2. The robotic cleaning apparatus of claim 1, further comprising at least two antennas and at least two antenna agitators, wherein a rotation axis of one of the antenna agitators extends transverse to a rotation axis of another of the antenna agitators.

3. The robotic cleaning apparatus of claim 2, wherein the at least two antenna agitators and the at least two antennas are configured to be counter rotating.

4. The robotic cleaning apparatus of claim 1, wherein the at least one antenna is resiliently deformable.

5. The robotic cleaning apparatus of claim 1 further comprising an agitator assembly comprising a first agitator and a second agitator.

6. The robotic cleaning apparatus of claim 5, wherein the agitator assembly further comprises an agitator cover having a plurality of teeth configured to engage the second agitator.

7. The robotic cleaning apparatus of claim 6, wherein the agitator cover further comprises a first flexible strip and a second flexible strip, the first and second flexible strips being disposed on opposing sides of the agitator cover.
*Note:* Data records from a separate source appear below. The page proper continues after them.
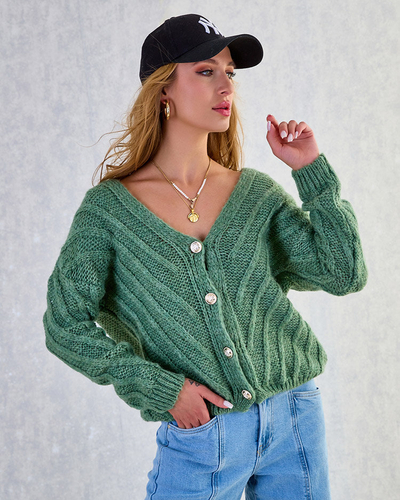 Royalfashion Дамски плетен пуловер с копчета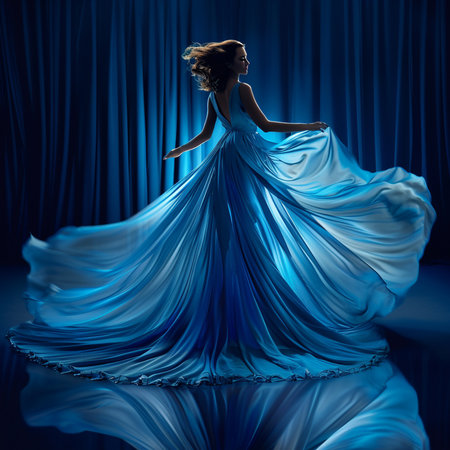 Young beautiful woman in blue dress dancing on stage over blue curtain backgroundの素材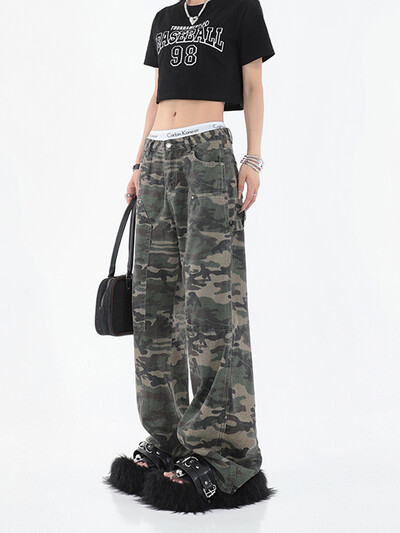 2023. g. sieviešu modes maskēšanās džinsi brīvi ar augstu vidukli Cargo bikses Taisni džinsi.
8. A robotic cleaning apparatus comprising:

a body;

an agitator assembly;

a first antenna assembly removably coupled to the body, the first antenna assembly including a first antenna agitator configured to rotate about a first rotation axis that extends substantially parallel to a surface to be cleaned and a first antenna extending from a first agitator distal end of the first antenna agitator in a direction along the first rotation axis, wherein at least a portion of the first antenna extends from a periphery of the body; and

a second antenna assembly removably coupled to the body, the second antenna assembly including a second antenna agitator configured to rotate about a second rotation axis that extends substantially parallel to a surface to be cleaned and a second antenna extending from a second agitator distal end of the second antenna agitator in a direction along the second rotation axis, wherein at least a portion of the second antenna extends from the periphery of the body and wherein, the first rotation axis extends transverse to the second rotation axis such that the first and second antenna assemblies are configured to cooperate to urge debris towards a movement path of the robotic cleaning apparatus.

9. The robotic cleaning apparatus of claim 8, wherein the first antenna and the first antenna agitator are configured to rotate in a first direction about the first rotation axis and the second antenna and the second antenna agitator are configured to rotate in a second direction about the second rotation axis, the first direction being opposite the second direction.

10. The robotic cleaning apparatus of claim 8, wherein the first and second antennas are resiliently deformable.

11. The robotic cleaning apparatus of claim 8, wherein the agitator assembly includes a first assembly agitator and a second assembly agitator.

12. The robotic cleaning apparatus of claim 11, wherein the agitator assembly further comprises an agitator cover having a plurality of teeth configured to engage the second assembly agitator.

13. The robotic cleaning apparatus of claim 12, wherein the agitator cover further comprises a first flexible strip and a second flexible strip, the first and second flexible strips being disposed on opposing sides of the agitator cover.

14. The robotic cleaning apparatus of claim 8, wherein the first antenna assembly and the second antenna assembly each include a coupling for removably coupling the first antenna assembly and the second antenna assembly to the body.

15. The robotic cleaning apparatus of claim 14, wherein each coupling is configured such that the first and second antennas and antenna agitators rotate relative to the coupling.

16. The robotic cleaning apparatus of claim 15, wherein each coupling further comprises a ball configured to be received within a receptacle within the body.

17. The robotic cleaning apparatus of claim 8 further comprising a first flexible strip extending between the first antenna assembly and the agitator assembly and a second flexible strip extending between the second antenna assembly and the agitator assembly.

18. The robotic cleaning apparatus of claim 8, wherein the body is substantially D-shaped.